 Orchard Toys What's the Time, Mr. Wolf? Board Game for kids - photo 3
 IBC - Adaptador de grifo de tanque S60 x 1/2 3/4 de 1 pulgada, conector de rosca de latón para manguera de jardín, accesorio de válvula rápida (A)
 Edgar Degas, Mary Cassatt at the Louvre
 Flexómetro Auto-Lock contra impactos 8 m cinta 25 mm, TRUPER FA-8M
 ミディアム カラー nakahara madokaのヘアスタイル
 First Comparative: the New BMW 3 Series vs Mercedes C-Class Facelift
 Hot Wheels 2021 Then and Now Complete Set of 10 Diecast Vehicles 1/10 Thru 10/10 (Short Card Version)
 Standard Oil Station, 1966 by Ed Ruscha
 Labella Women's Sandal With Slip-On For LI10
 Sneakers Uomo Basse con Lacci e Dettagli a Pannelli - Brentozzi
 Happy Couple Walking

• Task directions: Only the lines from the one that contains "Standard Oil Station, 1966 by Ed Ruscha" to the end of the data should be output, exactly as they appear.

• Exercise answer:
 Standard Oil Station, 1966 by Ed Ruscha
 Labella Women's Sandal With Slip-On For LI10
 Sneakers Uomo Basse con Lacci e Dettagli a Pannelli - Brentozzi
 Happy Couple Walking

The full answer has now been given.